Okonie wydają się być rybami bardzo zainteresowanymi wszystkim, co dzieje się wokół nich. Do legendy przeszły opowiadane przez wędkarzy historie, jak za zaciętym na wędkę okoniem, niemal do samego końca, ciągnęła wataha jego pobratymców, obserwując jak ich kolega równo posuwa w stronę w brzegu. Może dziwią się tylko, co go tak ciągnie w tamtym kierunku.
Okonie żerują w różnych porach dnia. W nocy zapadają w sen. Najlepszą porą na okonie jest wczesny świt. Po zachodzie słońca raczej nie mamy co liczyć na złowienie dużej sztuki. Wydaje się, że okonie nie specjalnie reagują na pogodę, ale najlepsze wyniki osiąga się polując na te ryby w dni ciepłe i pogodne. Duże okonie polują zwykle przy dnie, ale potrafią pojawić się także tuż pod powierzchnią wody.
A jaka metoda połowu i jakie przynęty sprawdzają się najlepiej? Na te pytania trudno jednoznacznie odpowiedzieć, bo okoń bywa rybą dość nieprzewidywalną. W połowie tej ryby sprawdzają się zarówno zestawy ze spławikiem jak i gruntówki z niewielkimi żywczykami.

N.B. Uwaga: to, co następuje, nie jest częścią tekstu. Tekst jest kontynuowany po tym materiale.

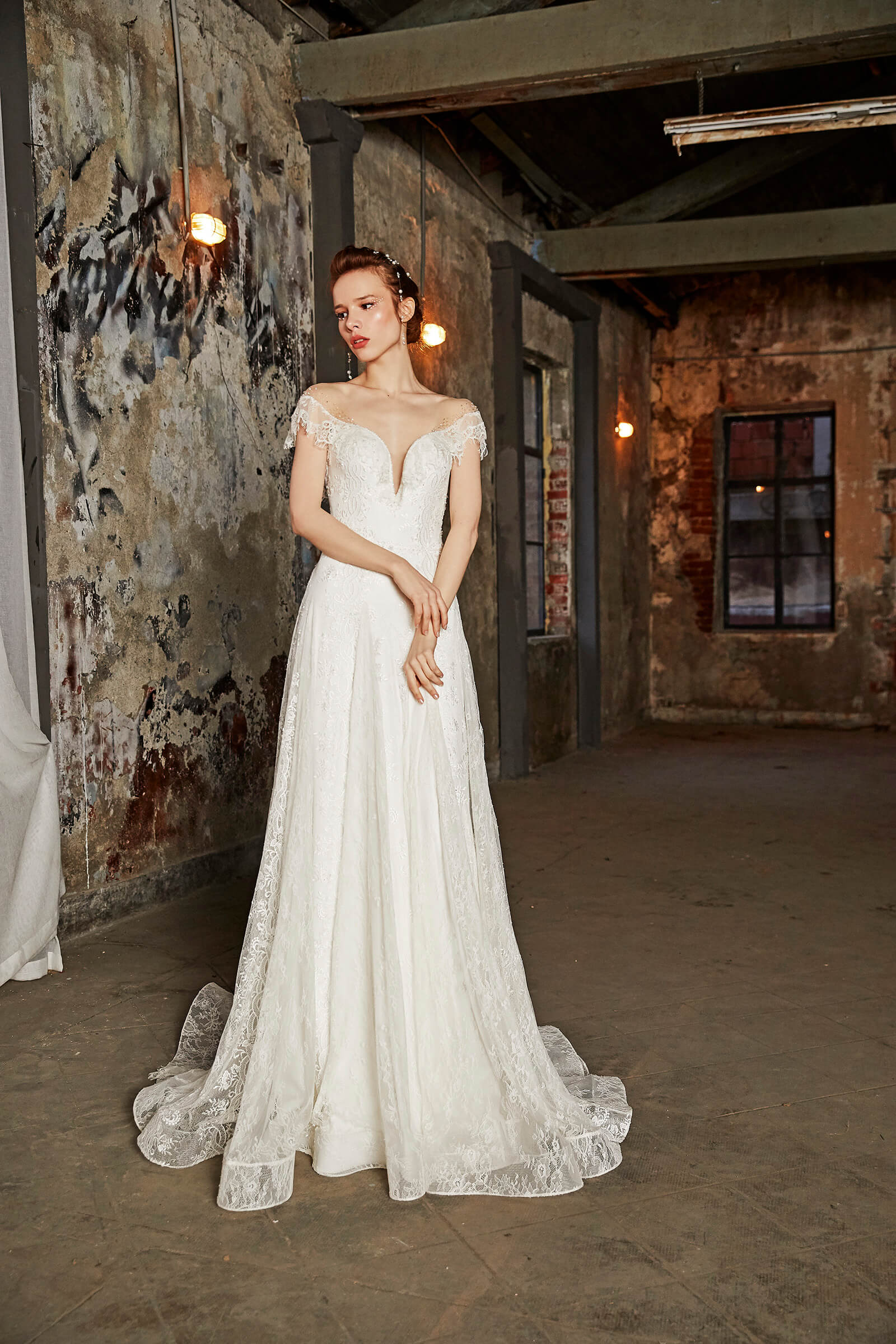 abito da sposa da lungo indossato in atelier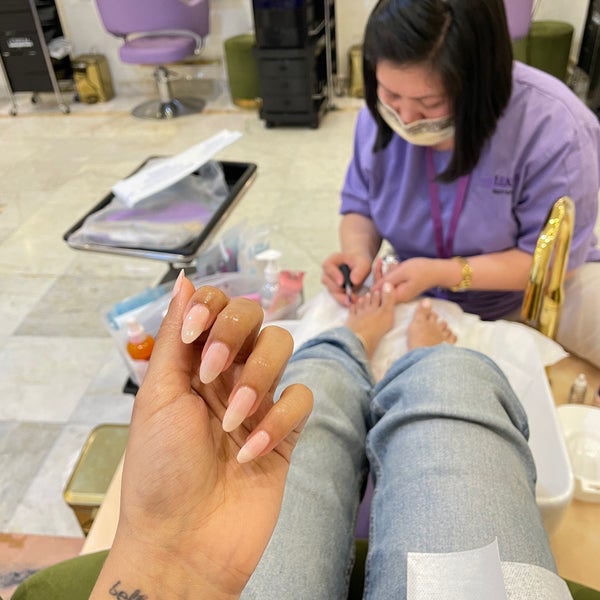 Lilas Beauty Salon الروضة 2 tips from 125 visitors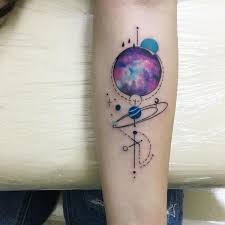 Geometrical Space This Amazing Space Tattoo Offers The Geometric Planets And Stunning Image To Wea Tatuajes De Galaxias Tatuajes Antebrazo Tatuaje De Planetas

Okonia na pewno zainteresuje także żwawy, czyniący wygibasy we wszystkich kierunkach pęczek czerwonych robaków. A łowiąc na spinning warto poeksperymentować z twisterami.

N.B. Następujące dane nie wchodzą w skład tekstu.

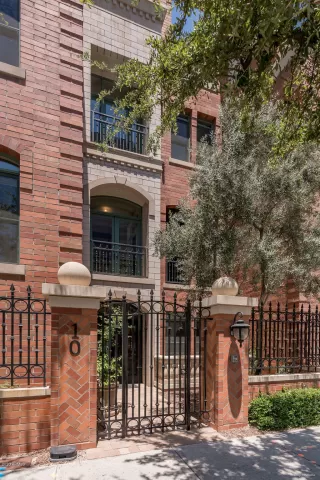 Photo #1: 6090282 Listing 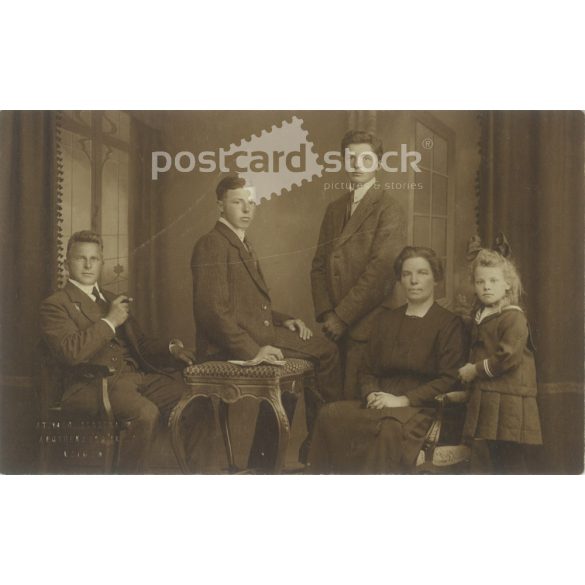 1921 – Family photo, studio recording. Leiden. Atelier Bungenaar photography studio. Sepia photo sheet. (2792386)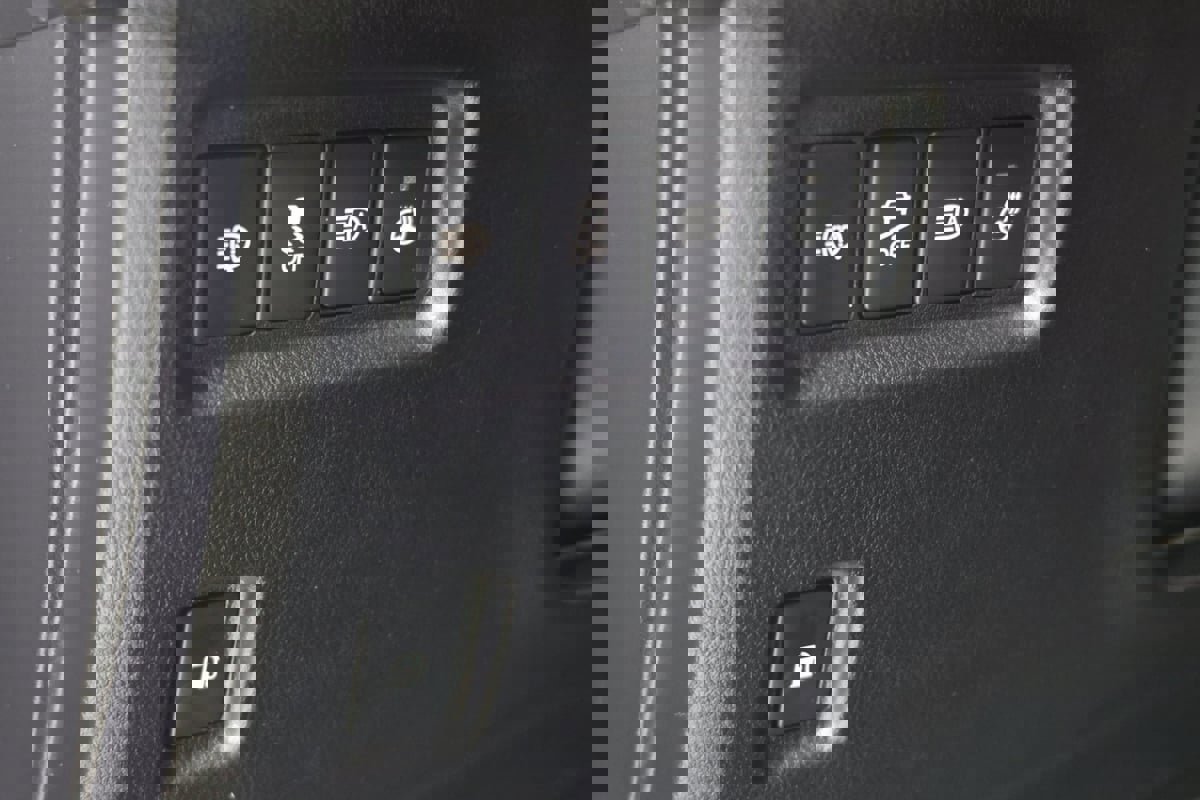 Used 2023 Lexus GX 460 Luxury w/ Sport Design Package image 26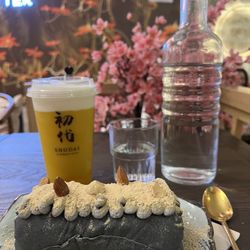 Shodai Matcha - Mango slushie and black sesame cake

No i jeszcze jedno. Kilka średniej wielkości okoni, to znakomity materiał na smaczną, wakacyjno-biwakową kolację. Jeśli chodzi o smak, to okonie wygrywają wśród słodkowodnych ryb z polskich wód. Tradycyjnie smażony na patelni albo przypieczony na grillu okoń to po prostu delicja. Oczywiście wygrywa ten świeżo złowiony. Zaletą okonia jest jeszcze to, że po usmażeniu czy przypieczeniu, w trakcie konsumpcji do odrzucenie jest tylko jego kręgosłup i końcówki płetw. Więcej ości i niejadalnych części w okoniowej tuszce po prostu nie ma.
No, co prawda niektórzy powiedzą, że jest jeszcze jedna ryba, która dorównuje smakiem okoniowi – sandacz. Ale sandacz nie występuje tak powszechnie jak okoń, więc i na wędce gości trochę rzadziej.